### Supplied records
:::::
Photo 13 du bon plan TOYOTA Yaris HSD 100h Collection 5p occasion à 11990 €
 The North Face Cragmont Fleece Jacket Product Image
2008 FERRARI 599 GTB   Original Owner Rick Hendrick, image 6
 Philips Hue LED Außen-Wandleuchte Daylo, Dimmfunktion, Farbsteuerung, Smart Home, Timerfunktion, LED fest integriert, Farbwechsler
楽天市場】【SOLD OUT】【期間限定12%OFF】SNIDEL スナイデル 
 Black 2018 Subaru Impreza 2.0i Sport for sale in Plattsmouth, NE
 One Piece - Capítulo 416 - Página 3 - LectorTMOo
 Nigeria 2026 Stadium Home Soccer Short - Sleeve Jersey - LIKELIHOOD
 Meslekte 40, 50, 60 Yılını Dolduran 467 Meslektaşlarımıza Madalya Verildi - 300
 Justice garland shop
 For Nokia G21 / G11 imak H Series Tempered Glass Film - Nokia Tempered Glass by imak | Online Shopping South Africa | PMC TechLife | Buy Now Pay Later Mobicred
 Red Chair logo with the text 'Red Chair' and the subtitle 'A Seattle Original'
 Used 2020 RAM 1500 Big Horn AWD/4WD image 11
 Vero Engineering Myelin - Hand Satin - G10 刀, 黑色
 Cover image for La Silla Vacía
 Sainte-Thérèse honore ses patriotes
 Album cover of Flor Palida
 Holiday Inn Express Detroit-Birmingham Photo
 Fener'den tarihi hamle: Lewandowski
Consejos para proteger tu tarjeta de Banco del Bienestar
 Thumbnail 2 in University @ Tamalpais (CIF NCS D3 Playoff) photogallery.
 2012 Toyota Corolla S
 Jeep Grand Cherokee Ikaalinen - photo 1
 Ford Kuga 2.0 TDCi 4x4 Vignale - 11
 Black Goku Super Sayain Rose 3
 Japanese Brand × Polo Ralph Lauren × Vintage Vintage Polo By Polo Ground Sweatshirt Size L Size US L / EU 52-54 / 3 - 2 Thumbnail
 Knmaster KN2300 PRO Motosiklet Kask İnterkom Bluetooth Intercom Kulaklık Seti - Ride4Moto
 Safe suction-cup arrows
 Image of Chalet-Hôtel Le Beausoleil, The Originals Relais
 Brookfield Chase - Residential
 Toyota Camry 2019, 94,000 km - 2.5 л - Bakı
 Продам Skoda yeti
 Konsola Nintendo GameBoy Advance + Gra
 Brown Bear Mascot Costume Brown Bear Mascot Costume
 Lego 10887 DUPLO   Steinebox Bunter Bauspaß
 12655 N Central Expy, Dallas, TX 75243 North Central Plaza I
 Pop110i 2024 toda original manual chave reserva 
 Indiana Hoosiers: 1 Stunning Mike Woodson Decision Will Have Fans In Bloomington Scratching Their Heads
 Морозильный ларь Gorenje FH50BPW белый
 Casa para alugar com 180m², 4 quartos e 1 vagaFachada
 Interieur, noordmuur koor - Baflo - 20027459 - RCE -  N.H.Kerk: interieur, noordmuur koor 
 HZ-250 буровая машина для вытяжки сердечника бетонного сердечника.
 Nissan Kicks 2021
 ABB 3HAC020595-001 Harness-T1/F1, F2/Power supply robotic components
:::::
### Aim of the exercise
Starting at the line that contains "HZ-250 буровая машина", copy each line through the last one in the records, exactly, and output nothing else.

### Written answer
 HZ-250 буровая машина для вытяжки сердечника бетонного сердечника.
 Nissan Kicks 2021
 ABB 3HAC020595-001 Harness-T1/F1, F2/Power supply robotic components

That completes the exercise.